[Stored items]
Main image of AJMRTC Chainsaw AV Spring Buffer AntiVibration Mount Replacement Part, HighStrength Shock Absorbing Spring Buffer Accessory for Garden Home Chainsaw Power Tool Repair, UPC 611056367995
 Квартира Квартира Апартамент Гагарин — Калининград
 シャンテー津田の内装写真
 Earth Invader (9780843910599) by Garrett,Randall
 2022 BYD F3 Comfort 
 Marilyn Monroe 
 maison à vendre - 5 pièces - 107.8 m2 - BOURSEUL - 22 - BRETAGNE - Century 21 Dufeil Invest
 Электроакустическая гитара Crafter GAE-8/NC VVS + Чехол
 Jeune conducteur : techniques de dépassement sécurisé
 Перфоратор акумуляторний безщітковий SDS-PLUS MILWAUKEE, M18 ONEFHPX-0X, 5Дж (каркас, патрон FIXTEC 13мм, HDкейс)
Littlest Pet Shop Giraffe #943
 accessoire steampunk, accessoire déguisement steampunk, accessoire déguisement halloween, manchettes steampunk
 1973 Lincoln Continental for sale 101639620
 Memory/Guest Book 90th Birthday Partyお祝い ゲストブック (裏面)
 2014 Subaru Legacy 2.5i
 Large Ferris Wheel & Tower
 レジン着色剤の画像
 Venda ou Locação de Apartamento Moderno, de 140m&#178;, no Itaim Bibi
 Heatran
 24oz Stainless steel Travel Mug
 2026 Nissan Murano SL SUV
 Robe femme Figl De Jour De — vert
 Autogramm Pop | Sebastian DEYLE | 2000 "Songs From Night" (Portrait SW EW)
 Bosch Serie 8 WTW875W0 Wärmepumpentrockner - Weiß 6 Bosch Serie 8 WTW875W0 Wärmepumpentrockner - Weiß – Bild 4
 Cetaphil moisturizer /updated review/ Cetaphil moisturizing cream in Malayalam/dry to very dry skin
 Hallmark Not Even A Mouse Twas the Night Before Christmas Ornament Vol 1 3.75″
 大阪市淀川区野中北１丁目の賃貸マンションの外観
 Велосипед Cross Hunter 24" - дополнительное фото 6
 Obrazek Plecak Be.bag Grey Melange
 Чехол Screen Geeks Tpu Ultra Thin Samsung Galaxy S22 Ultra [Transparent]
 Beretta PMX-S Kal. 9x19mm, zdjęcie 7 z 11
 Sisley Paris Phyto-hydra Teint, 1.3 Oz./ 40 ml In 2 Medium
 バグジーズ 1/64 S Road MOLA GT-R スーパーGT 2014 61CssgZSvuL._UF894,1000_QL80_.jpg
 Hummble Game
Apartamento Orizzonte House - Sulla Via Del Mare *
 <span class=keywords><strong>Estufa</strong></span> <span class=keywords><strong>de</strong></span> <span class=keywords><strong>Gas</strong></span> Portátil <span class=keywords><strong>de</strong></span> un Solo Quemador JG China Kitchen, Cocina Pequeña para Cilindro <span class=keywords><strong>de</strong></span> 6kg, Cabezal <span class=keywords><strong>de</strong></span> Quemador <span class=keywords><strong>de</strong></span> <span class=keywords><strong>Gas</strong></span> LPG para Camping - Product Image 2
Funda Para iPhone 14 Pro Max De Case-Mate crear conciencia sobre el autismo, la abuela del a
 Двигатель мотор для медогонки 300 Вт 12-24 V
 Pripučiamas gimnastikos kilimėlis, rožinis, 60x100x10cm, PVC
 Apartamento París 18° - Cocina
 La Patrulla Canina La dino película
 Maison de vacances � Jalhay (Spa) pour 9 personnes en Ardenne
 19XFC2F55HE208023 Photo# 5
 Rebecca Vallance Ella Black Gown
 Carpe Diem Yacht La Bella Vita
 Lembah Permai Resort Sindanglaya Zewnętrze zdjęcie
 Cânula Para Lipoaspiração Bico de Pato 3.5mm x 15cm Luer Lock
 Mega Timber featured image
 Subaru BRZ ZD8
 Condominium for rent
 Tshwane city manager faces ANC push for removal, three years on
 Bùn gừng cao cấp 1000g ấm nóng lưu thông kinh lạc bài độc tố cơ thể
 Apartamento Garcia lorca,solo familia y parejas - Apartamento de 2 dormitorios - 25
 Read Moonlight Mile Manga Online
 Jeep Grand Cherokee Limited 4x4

What to do: Give back exactly the lines above starting at the line where "1973 Lincoln Continental for sale 101639620" appears and ending at the line where "Apartamento Orizzonte House" appears, both included, with no other lines.

Expected output:
 1973 Lincoln Continental for sale 101639620
 Memory/Guest Book 90th Birthday Partyお祝い ゲストブック (裏面)
 2014 Subaru Legacy 2.5i
 Large Ferris Wheel & Tower
 レジン着色剤の画像
 Venda ou Locação de Apartamento Moderno, de 140m&#178;, no Itaim Bibi
 Heatran
 24oz Stainless steel Travel Mug
 2026 Nissan Murano SL SUV
 Robe femme Figl De Jour De — vert
 Autogramm Pop | Sebastian DEYLE | 2000 "Songs From Night" (Portrait SW EW)
 Bosch Serie 8 WTW875W0 Wärmepumpentrockner - Weiß 6 Bosch Serie 8 WTW875W0 Wärmepumpentrockner - Weiß – Bild 4
 Cetaphil moisturizer /updated review/ Cetaphil moisturizing cream in Malayalam/dry to very dry skin
 Hallmark Not Even A Mouse Twas the Night Before Christmas Ornament Vol 1 3.75″
 大阪市淀川区野中北１丁目の賃貸マンションの外観
 Велосипед Cross Hunter 24" - дополнительное фото 6
 Obrazek Plecak Be.bag Grey Melange
 Чехол Screen Geeks Tpu Ultra Thin Samsung Galaxy S22 Ultra [Transparent]
 Beretta PMX-S Kal. 9x19mm, zdjęcie 7 z 11
 Sisley Paris Phyto-hydra Teint, 1.3 Oz./ 40 ml In 2 Medium
 バグジーズ 1/64 S Road MOLA GT-R スーパーGT 2014 61CssgZSvuL._UF894,1000_QL80_.jpg
 Hummble Game
Apartamento Orizzonte House - Sulla Via Del Mare *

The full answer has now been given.